Emotional processing is paced in layers. We work with what is ready, not with everything at once. Some sessions might focus on a particular flashback image or bodily memory; others may be about long-held beliefs such as “it was my fault”, “I’m never safe”, or “I don’t matter”. Somatic work gives these beliefs a bodily context – where they live in you, how they move, what softens them – while EMDR helps reduce their grip. It is completely acceptable to arrive with fragments rather than a clear narrative; we build understanding gradually as your system allows.
A key part of Trauma Treatment Weybridge is carrying gains into everyday life. Together we map where trauma responses appear most frequently: stepping into certain buildings, opening messages from particular people, going to bed, sitting in waiting rooms, walking down specific streets, making decisions. For each situation we create small, practical supports – a way of entering a room that feels safer, a short ritual before and after appointments, a grounding plan for nights, a realistic strategy for dealing with contact that is currently overwhelming. These small, consistent changes are often where life starts to feel more possible.

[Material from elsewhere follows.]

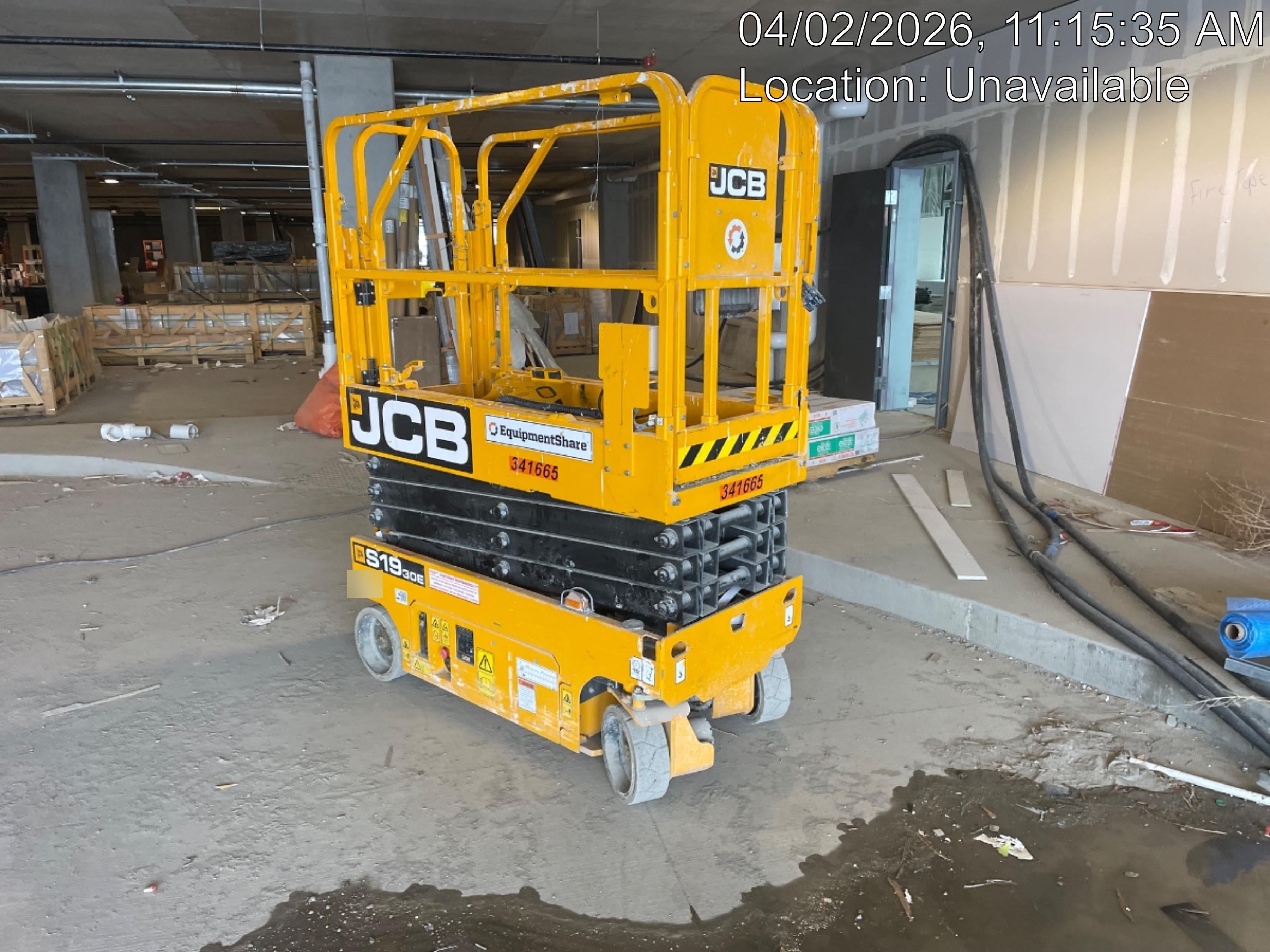 2023 JCB S1930E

As regulation strengthens, many people notice quiet but powerful shifts. Nightmares may gradually ease, or become less vivid. Startle responses soften. You might notice more space between trigger and reaction – enough to choose whether to stay, leave, speak, or rest. Some describe feeling more real in their own bodies again, more able to register moments of comfort or connection, instead of only scanning for threat. The past remains part of your story, but it no longer runs every scene.

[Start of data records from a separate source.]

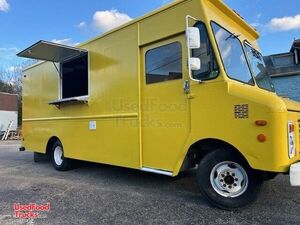 Chevrolet Step Van All-Purpose Food Truck with NSF Equipment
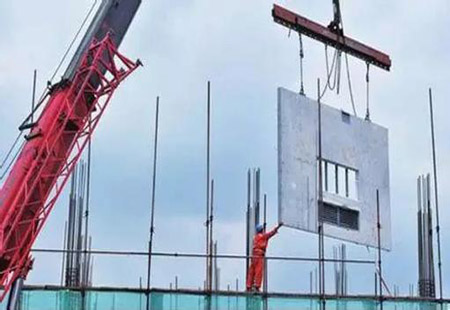 山西基本實現(xiàn)百公里范圍內裝配式建筑產業(yè)基地全覆蓋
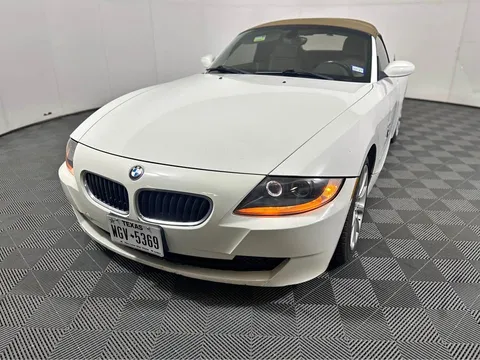 2006 BMW Z4 3.0i Roadster 2D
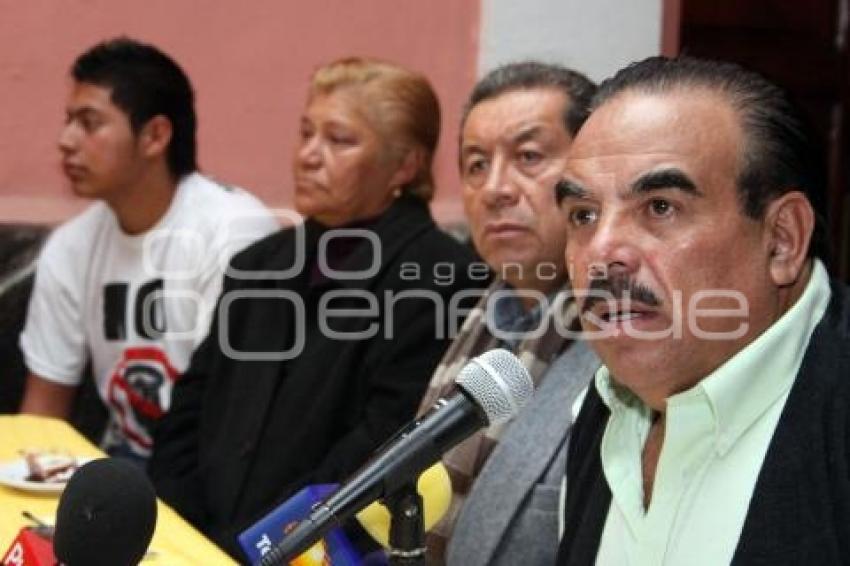 COMITÉ CIUDADANO DE SAN MARTÍN TEXMELUCAN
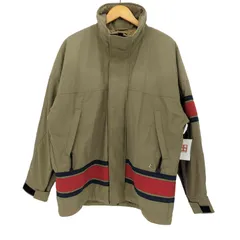 美品　レア　ellesse エレッセ　ナイロン　ジャケット M ellesse - エレッセ ellesse ナイロンジャケット L の通販 by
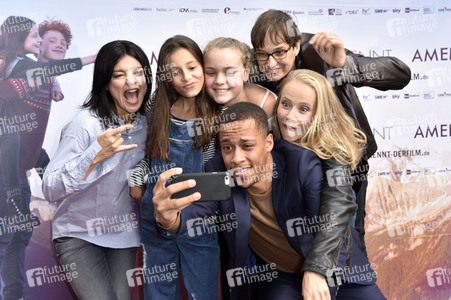 Filmpremiere 'Amelie Rennt' in Berlin
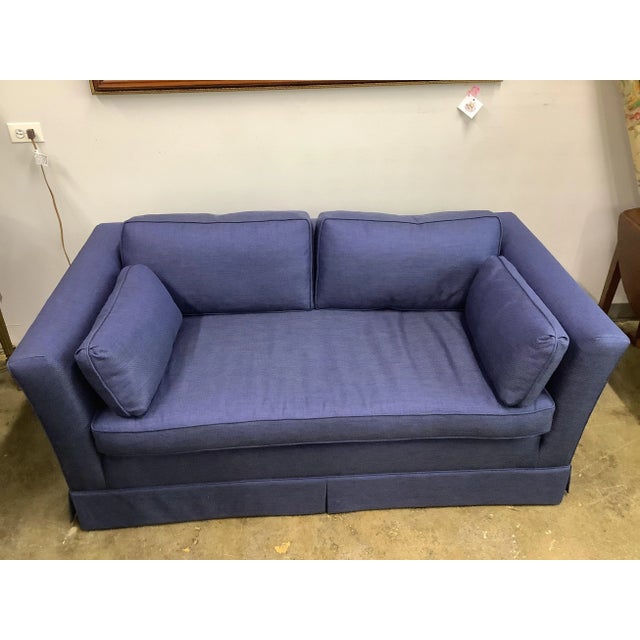 1960s Pair of Vintage Baker Furniture Loveseats Chairish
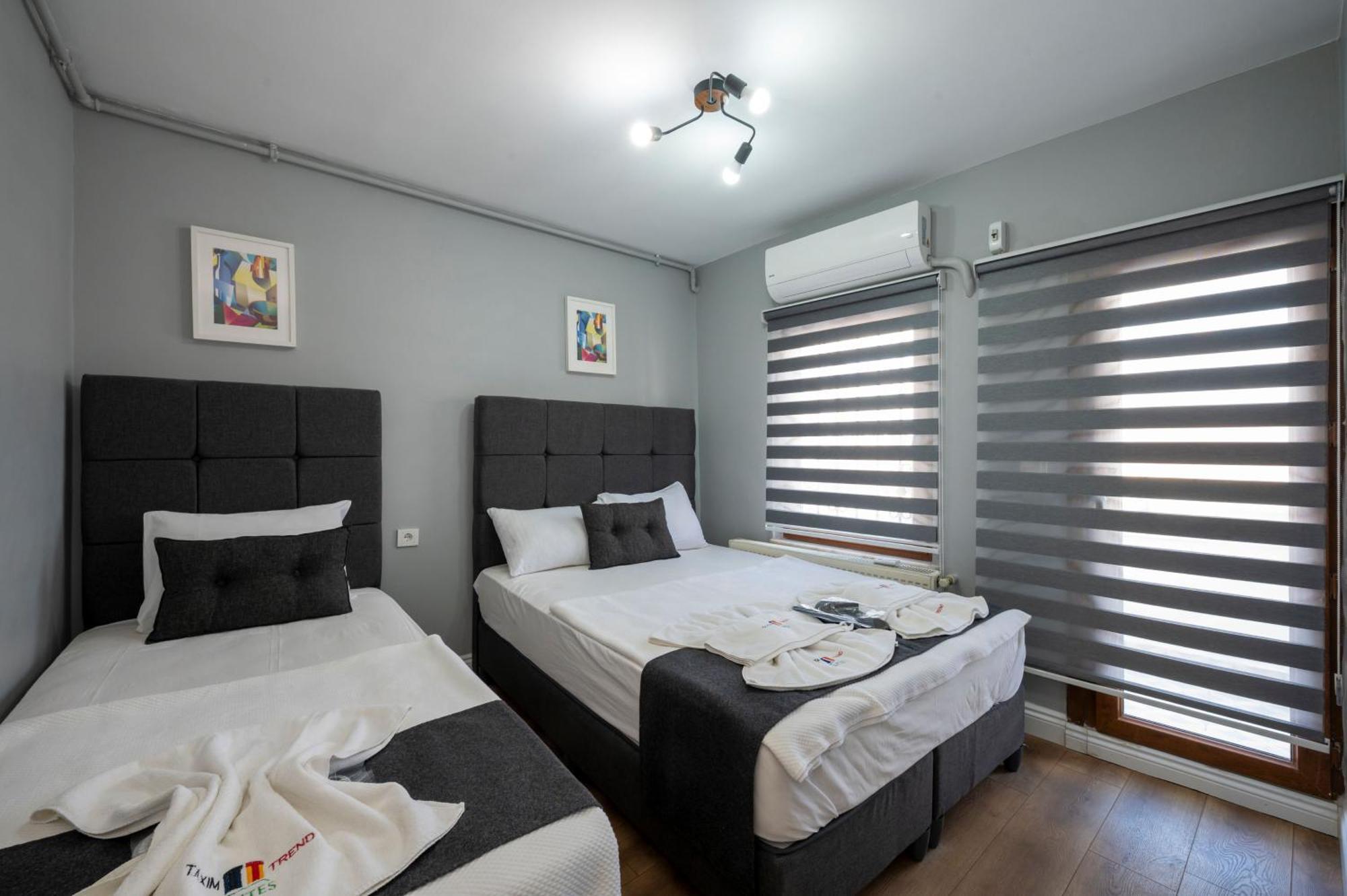 Taksim Trend Residence Istanbul Ngoại thất bức ảnh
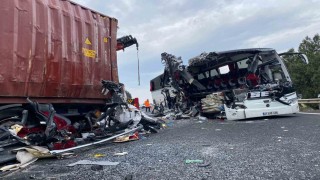 Osmaniyedeki feci kazada ölü sayısı 7 yükseldi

The format of trauma treatment is flexible. You can work with me in person in Weybridge, online from home or work, or with a blend of both depending on your health, travel and responsibilities. Some people find a weekly session helpful; others need a different rhythm to respect energy levels, shifts or caring roles. We agree the structure together and adjust as things change so that therapy supports your nervous system instead of becoming another demand.
Throughout, we keep the work practical and grounded. Tools and insights are chosen because they stand a chance of surviving busy days, complicated relationships, hospital visits, childcare and low-energy evenings – not because they sound impressive in theory. You do not need a diagnosis or a perfectly organised account of what happened to begin. We can start from your current reality: symptoms, patterns, “odd” reactions, blank spots, or simply the sense that your body is still living in yesterday.
If you are curious about Trauma Treatment in Weybridge and would like to know whether this somatic, EMDR-informed approach might help, you are welcome to begin with questions. To enquire or arrange an initial session, please use the contact page: https://www.cherie-james.com/contact
— you can outline what brings you, what feels hardest right now, and what kind of pace sounds manageable. From there, we can explore together whether this way of working is a good next step for you.
FAQ
Q1. How does somatic EMDR support trauma treatment effectively?
By stabilising first with grounding and regulation, then processing stuck moments in short bilateral sets with clear consent.
Q2. Will I learn skills that work under pressure?
Yes—portable anchors, doorway pauses, boundary lines and evening wind‑downs you can actually keep.
Q3. Can I mix online and in‑person sessions?
Yes—Weybridge appointments and secure online options can be blended to fit your week.